However, I would like to know which is the most efficient of the three (if there are any more efficient methods) with respect to large log files and small files.
Also, how does the three codes operate and delete the contents?
1Edit: as discussed in this answer, this actually does not clear the file!
Actually, the second form touch filename
doesn’t delete anything from the file – it only creates an empty file if one did not exist, or updates the last-modified date of an existing file.

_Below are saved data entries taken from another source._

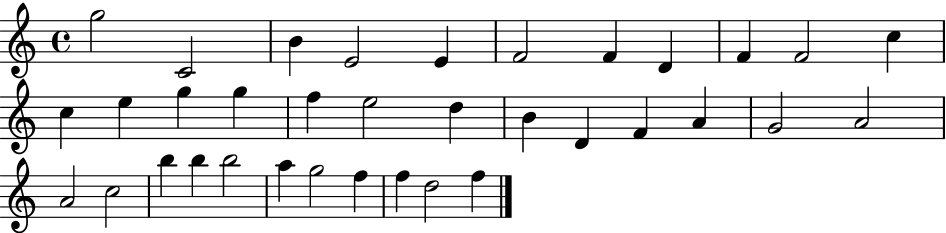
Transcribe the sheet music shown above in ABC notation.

X:1
T:Untitled
M:4/4
L:1/4
K:C
g2 C2 B E2 E F2 F D F F2 c c e g g f e2 d B D F A G2 A2 A2 c2 b b b2 a g2 f f d2 f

And the third filename < /dev/null
tries to run filename with /dev/null
as input.
cp /dev/null filename
works.
As for efficient, the most efficient would be truncate -s 0 filename
(see here).
Otherwise, cp /dev/null filename
or > filename
are both fine. They both open and then close the file, using the truncate-on-open setting. cp
also opens /dev/null
, so that makes it marginally slower.
On the other hand, truncate
would likely be slower than > filename
when run from a script since running the truncate command requires the system to open the executable, load it, and then run it.
Other option could be:
echo -n > filename
From the man page of echo
:
-n Do not print the trailing newline character.
There is a builtin command “:”, which is available in sh,csh,bash and others maybe, which can be easily used with the redirecting output operator >
truncate a file:
#!/usr/bin/env bash
:> filename
What I like on this is, that it does not need any external commands like “echo” etc.
One big advantage of truncating files instead of deleate/recreate them is, that running applications which works with this file (e.g. someone makes an tail -f filename
or a monitoring software, …) don’t have to reopen it. They just can continue using the filedescriptor and gets all the new data.